29. This claim for $18,750 assumes, however, that this total loss, if established, was the responsibility of the tortfeasor, whereas I must find that the loss was in fact jointly caused by both accidents. This would mean an award for past loss of $9,375, which I find to be appropriate, which, with interest of $3,067, amounts to $12,442.
30. The plaintiff seeks to establish an ongoing loss of $120 per week to normal retirement age, which would generate a loss to age 65 of $112,000, which would of course be reduced to $56,000. I am not satisfied that an ongoing arithmetical loss of $120 is justified. The evidence of the manager of the refuge, and a co-worker, indicated that the plaintiff was working a full job, and indeed had been increasing her hours by way of additional shifts. While a co-worker said that the plaintiff had some restrictions, the centre manager was unaware that the plaintiff had any restrictions at all on her work capacity.
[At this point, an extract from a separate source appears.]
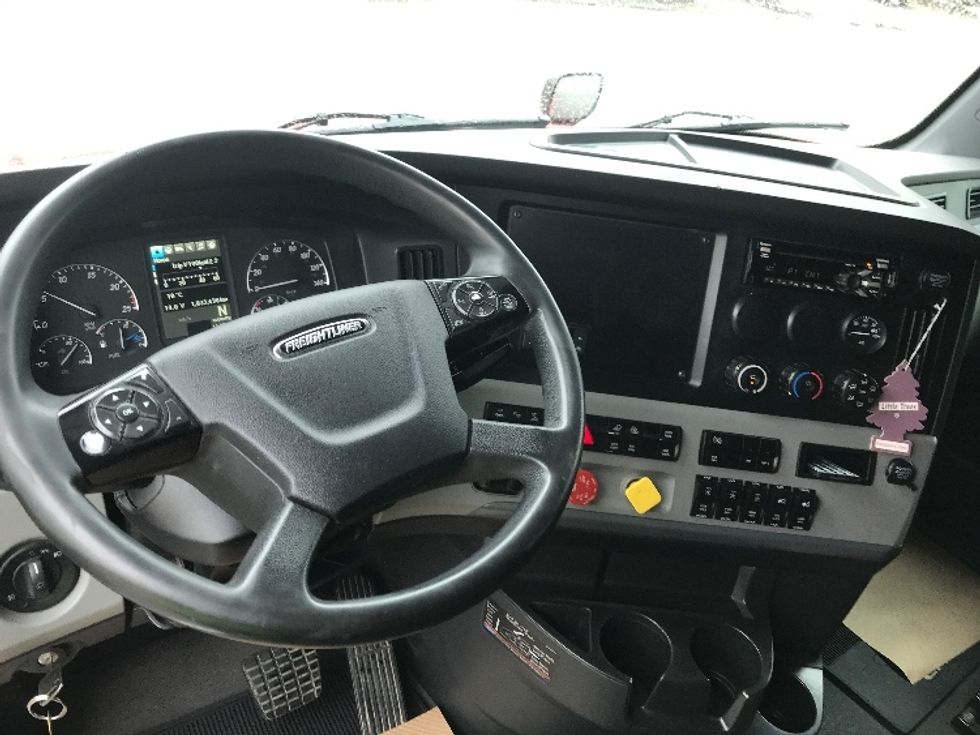 Sleeper Tractor-Heavy Duty Tractors-Freightliner-2021-T12664ST-Calgary-AB-1,033,437\n\t\tkm-$ 69,500 - Image 11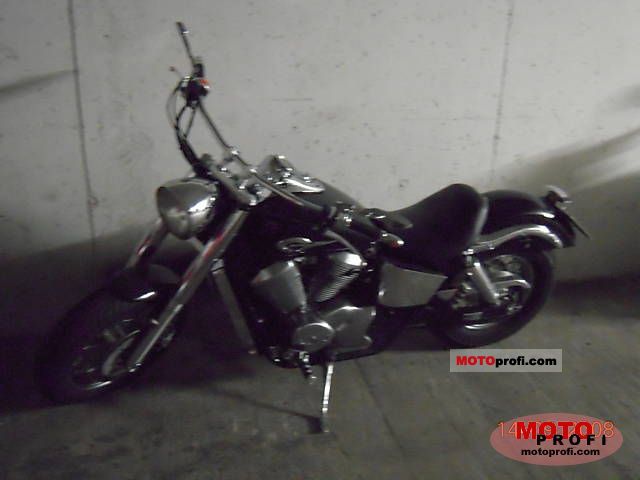 2005 Honda vt750 oil change #3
31. While looking at the actual reduction in earnings has been appropriate for calculating past loss, I am not satisfied on all of the evidence that it is appropriate to extrapolate this to the future and that I must find that her working capacity was fully extended at the refuge before the assault. Indeed, she had been increasing her hours. Nevertheless, the plaintiff clearly suffered a loss to her ongoing earning capacity. This is an appropriate case for a buffer, taking into account the impact of her injuries and the attribution between the two impacts. I award $25,000 by way of a buffer.
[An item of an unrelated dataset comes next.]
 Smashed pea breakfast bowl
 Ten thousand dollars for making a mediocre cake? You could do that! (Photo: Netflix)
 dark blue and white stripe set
32. Out of pocket expenses in this matter are not capable of precise quantification. The plaintiff was in need of treatment at the time of the accident for her earlier accident caused disabilities. The treatment following the subject motor vehicle accident was of course in relation to two impacts. And as a result of the work related assault of August 1993 the plaintiff has, regrettably, become significantly disabled and incurred substantial treatment costs which have been covered both by the insurer of her employer and the insurer of the defendant. By agreement, solicitors for the parties inspected the medical accounts, and agree that $10,552.05 was paid between the accident and the work assault, and $17,811 has been paid since that assault. I award the sum of $7,500 by way of out of pocket expenses, reflecting half of those expenses incurred up to the work assault, and a discretionary sum to reflect the ongoing effect of the subject accident, recognising that its effect was substantially overshadowed by the 1993 assault.
33. This amounts to a total award of $77,174.33, which I consider appropriate in all of the circumstances.